Don't have much experience with them either. Obviously the no-load voltage of your solar array needs to be above the full charged voltage of the pack. Even if you had 5 panels in series with a "no load" voltage of 100v, i'd assume they'd sag down to whatever the battery pack voltage is when you connect them across it, the current those panels can put out will be no match for what the batteries can swallow.

However, you need to rig some way of stopping the current flow in the unlikely event the solar panels do fully top off the pack, or they'll keep going till they destroy it.

Maybe your children visit a friend's house and disappear indoors to check out his new xbox game, leaving the bike unused in full sunlight for 6 hours. 

To my mind, the simplest way of achieving this might be with a 4 pin linear voltage regulator IC.

They're really simple devices, probably available from places like Radio Shack but they usually come with a data sheet to help you all the same.

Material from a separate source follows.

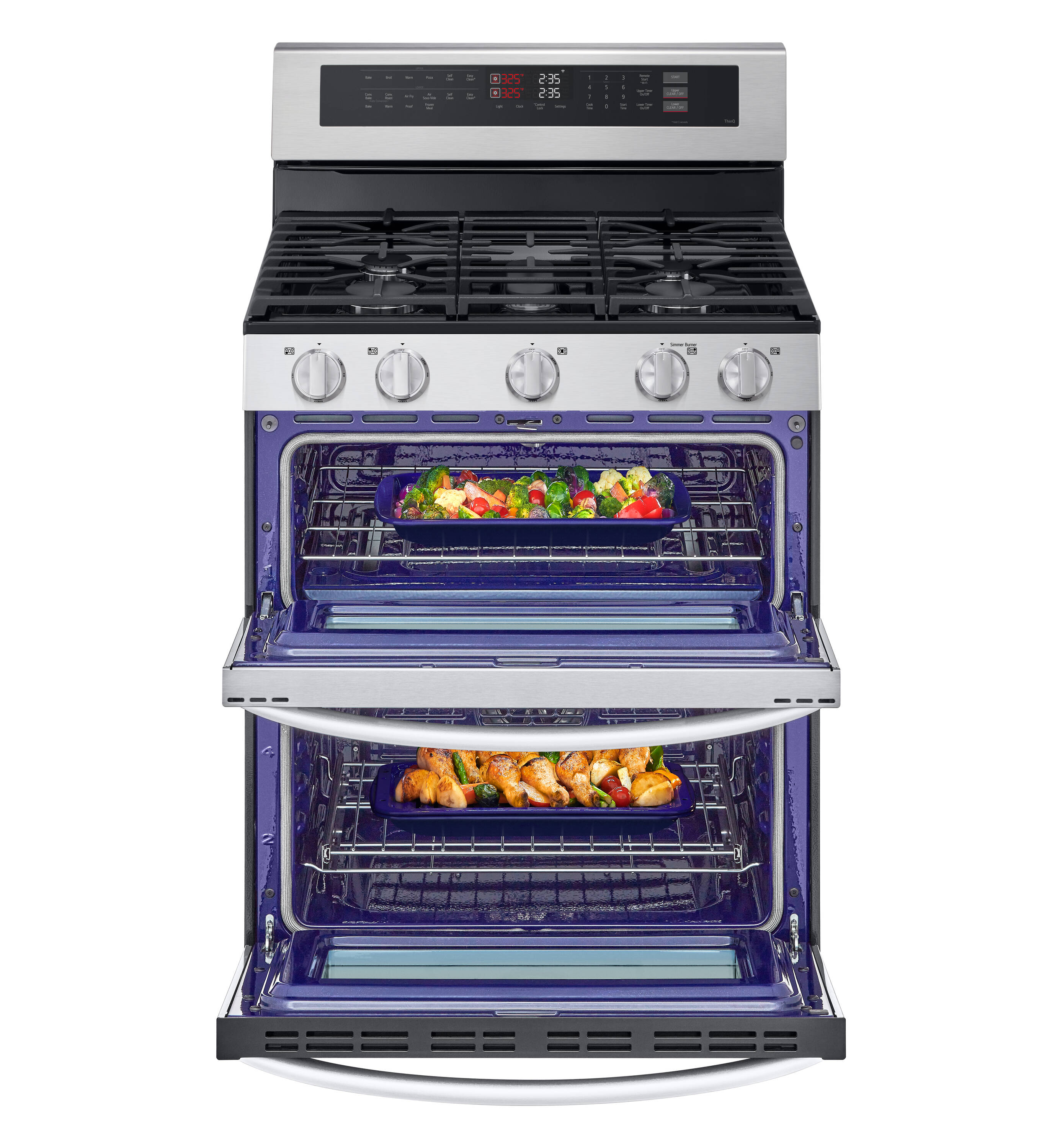 Samsung Smart Electric Range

The 4 pins are input voltage (the solar panel array), output voltage (the battery pack), ground (goes to the negative terminal of the battery pack) and the voltage feedback pin, which tells the regulator whether to let more or less voltage though. The feedback pin is the only techy bit, you basically have a resistor or variable resistor in between the output pin and the feedback pin, the values of the resistor tell the voltage regulator what to limit to. I've used some National Semiconductor ones before and the data sheet was well written, it explained in plain english and schoolboy maths how to calculate the value of the resistors needed to get the output voltage you want.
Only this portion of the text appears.